Dirigido por Bryn Higgins y escrito por Charlie Brooker, quien también participara en los anteriores episodios de esta serie, The Waldo Moment es una historia que se queda corta en sus cuarenta y cinco minutos, y que deja la intriga de haber visto más.

Jamie es un cómico que ha visto una carrera sin éxito alguno, al parecer su vida personal tampoco marcha sobre ruedas, sin embargo hay algo que hace bien, y eso es personificar y dar vida a Waldo, un oso azul animado en 3d que sin límites, dedica sus palabras en hacer burla de quien sea, o mejor dicho, normalmente, a todos aquellos que estén de moda, en el caso actual un político que recientemente ha pasado por un serio escándalo.

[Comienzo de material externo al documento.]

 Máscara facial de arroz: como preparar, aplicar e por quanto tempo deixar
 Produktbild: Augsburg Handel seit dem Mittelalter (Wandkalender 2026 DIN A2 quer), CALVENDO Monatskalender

Un éxito rotundo entre el público que por supuesto mantiene al productor del show tan alegre que incluso lleva a Waldo a debatir junto al candidato conservador de Inglaterra, algo que por supuesto eleva la popularidad del azulado personaje convirtiendo cada momento en un casi circo entre insultos y alegatos que de forma viral se extienden por el internet; tal como suena, Waldo parece cobrar más y más fuerza pensando que el sentimiento de la audiencia está totalmente desencantado con la clase de gobernantes y políticos que tienen, convirtiendo a Waldo en casi la voz popular y realista de estos sentimientos; un ser que expresa de forma ruidosa una ira de críticas pero que tampoco plantea soluciones a ellas.

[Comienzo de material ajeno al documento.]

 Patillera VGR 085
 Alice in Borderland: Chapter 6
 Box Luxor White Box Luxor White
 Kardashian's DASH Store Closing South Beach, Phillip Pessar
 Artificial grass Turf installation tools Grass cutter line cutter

Y como es costumbre en Black Mirror el drama se acrecienta cada instante; Jamie observa como su profesión está tomando un rumbo que no desea, sus sueños al parecer han quedado ya muy lejos, y su vida personal no va a ninguna parte, llevando la frustración y el enojo cada vez más al oso que grita en programas y en las calles que todo está mal y que él es tan falso como los que gobiernan o pretenden gobernar, palabras que son del gusto de la gente y que elevan el estatus del personaje a tal punto que ciertas personas comienzan a preguntarse si no funcionaría a nivel internacional.

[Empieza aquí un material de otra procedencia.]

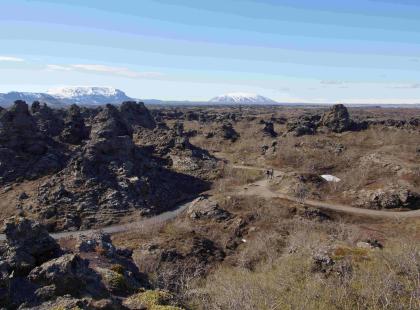 Dimmuborgir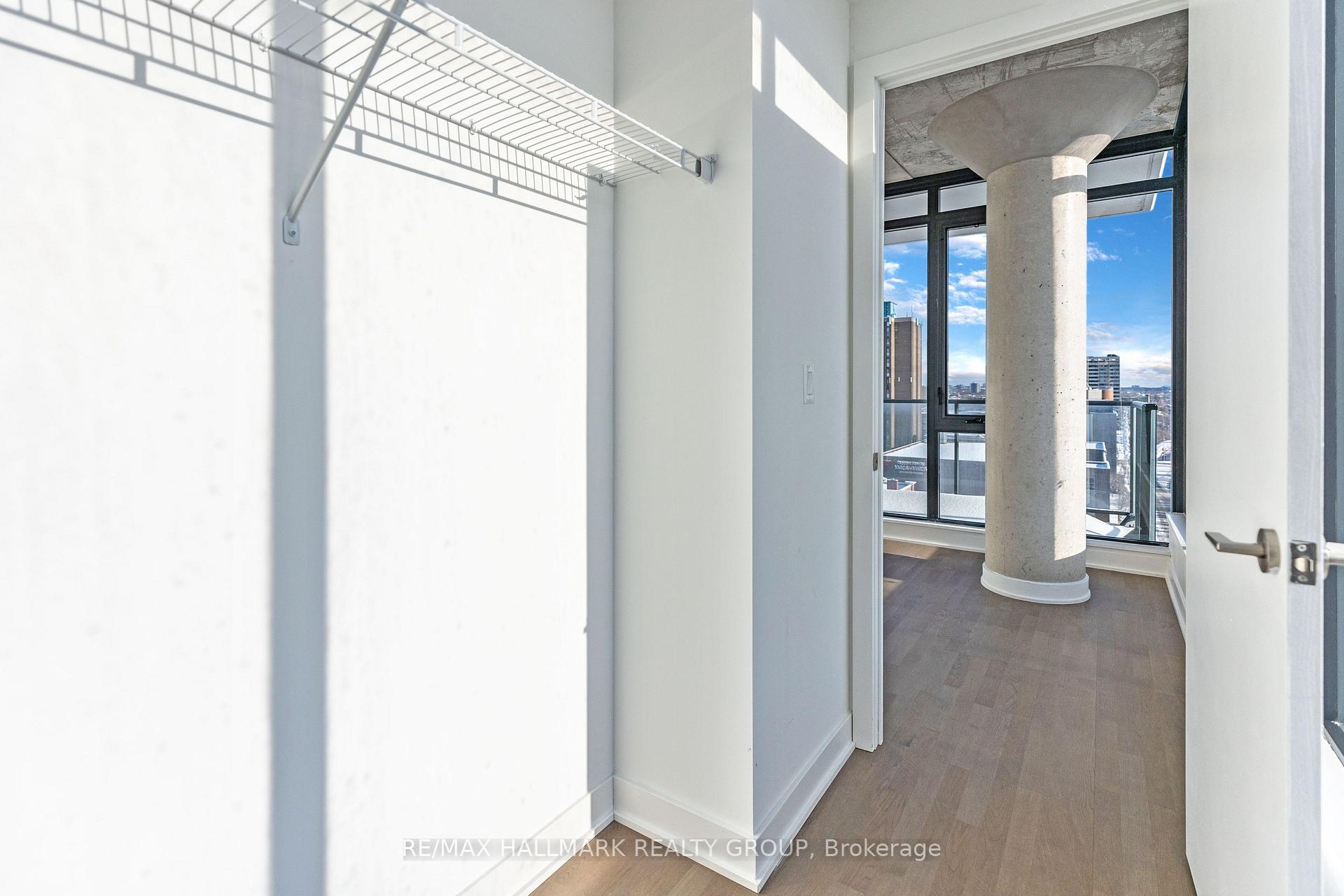 Photo 20 of Unit 902, 203 Catherine Street, Ottawa, Ottawa Centre — HOMEH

Un símbolo que al encontrar la simpatía (y casi enajenación) de la población muestra que cada palabra o sugerencia toma una fuerte relevancia, planteando una crítica hacia la responsabilidad con otros, ser fiel y justo en las acciones… algo que por supuesto se deforma a cada segundo, convirtiendo a Waldo en otra arma más de enojo donde su imagen (porque detrás de esta puede estar quien sea) es suficiente para hacer golpear a alguien o más.

Black Mirror es sin duda una inteligente serie, en esta segunda temporada lo confirma, cada capítulo está bien pensando, aunque en el presente caso la duración no es para nada suficiente dejando una buena idea que de pronto su desarrollo se ha visto apurado, plasmando todo lo que esto conlleva, aun así The Waldo Moment es llamativo, tiene carisma y maneja una crítica, tal y como los anteriores episodios. En lo personal una serie que no se pueden perder.